= Performance archaeology =

Subset of archaeological theory

Performance archaeology is a subset of archaeological theory. Developers of this theory include Michael Shanks, Mike Pearson and Julian Thomas who in the 1990s at University of Wales, Lampeter began formulating concepts which view the social aspect of performance along with the artistic nature of theatre together through an interdisciplinary lens as "an integrated approach to recording, writing and illustrating the material past" thereby marrying the academic with the artistic. Performance archaeology has further expanded in the last decade upon the theories of presence.

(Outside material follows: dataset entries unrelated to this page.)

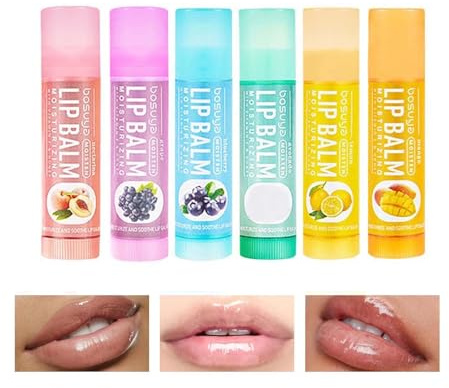 Generisch Klassisches Frucht-Lippenbalsam Set, 6 Stück, verschiedene Geschmacksrichtungen
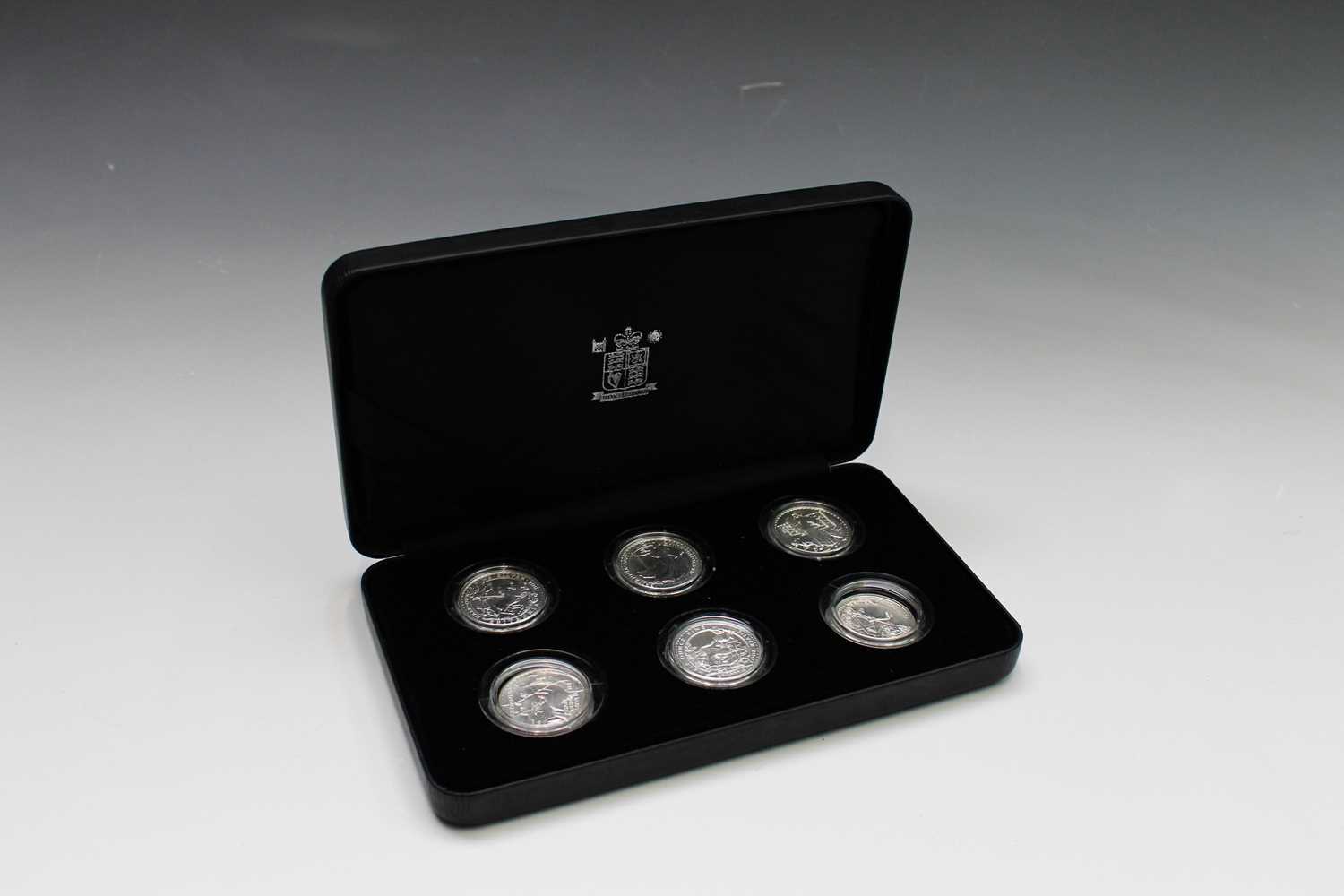 GREAT BRITAIN: A 2007 Britannia 20th Anniversay 6 x £1 silver proof collection in official box - Image 2 of 2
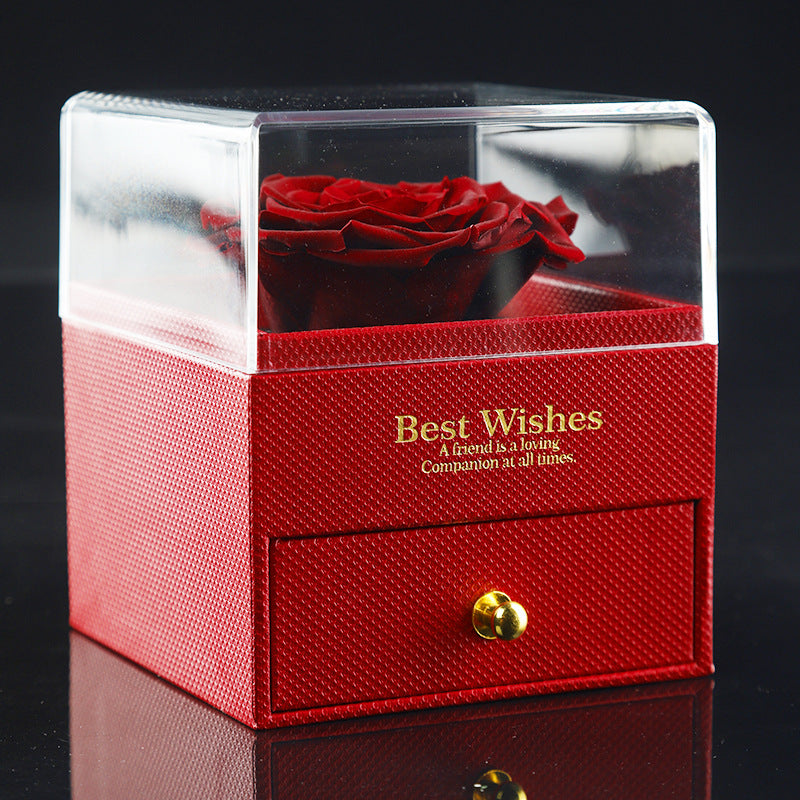 Claret red acrylic preserved rose jewelry box with deep red rose and jewelry drawer compartment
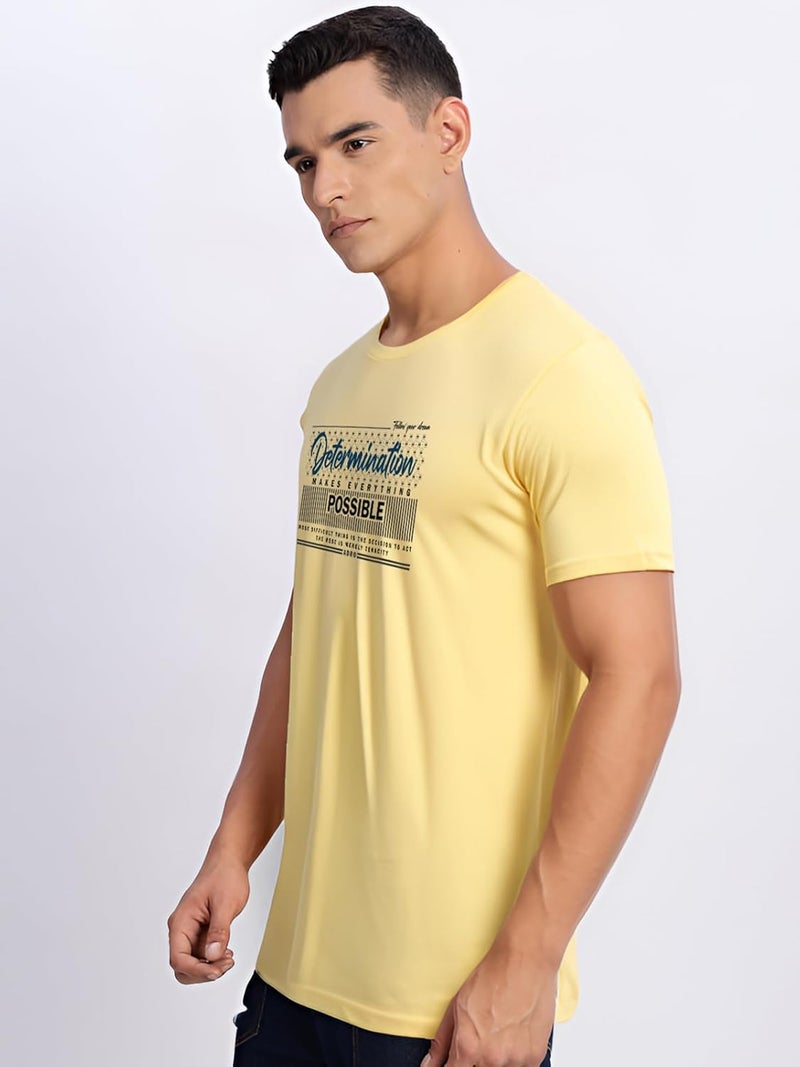 ADRO Men's Printed T-Shirt in Light Yellow - Premium Lycra Cotton Regular Fit - Image 4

Geoff Bailey states that "because we believe that the present is known or knowable better than the past, we must seek our inspiration in studies of present phenomena and our concepts and theories from authorities on the present." Michael Shanks along with Ian Hodder, Christopher Witmore, Gabriella Giannachi and Nick Kaye have recently expanded the theory further by calling for cooperation within the humanities and studying transdisciplinary research from archaeologists who are encouraged to become storytellers in order to more diversely analyze the engagement of the actor, the audience, the things and the space in which they perform by using an 'ecology of practices'. The theory of performance archaeology aims to give researchers a multi temporal link to the antiquated through studying the processual nature of "performance of presence" which is entangled within the 'multipleness' of time. Echoing theories posited by Martin Heidegger, the processual and temporal natures of performance are phenomenologically entwined with the experiences of the performers and audience. Stories are preserved by memory through performance. These performances can be seen both in the archaeological record as well in modern enactments or rituals. The landscape itself is an integral portion of performance memory. Performance archaeology sets itself apart from performance history by directing focus not toward the past itself but instead toward what has become of the past by taking an ethnoarchaeological approach of analyzing the 'archaeology of present' cultures which allows for a richer interpretation of past performance. Performance archaeology takes a cross-disciplinary approach with 'social archaeology' to studying the things, narratives or artifacts, that remain of ancient theatre, music, dance, art history and oral tradition in order to 'model the past'.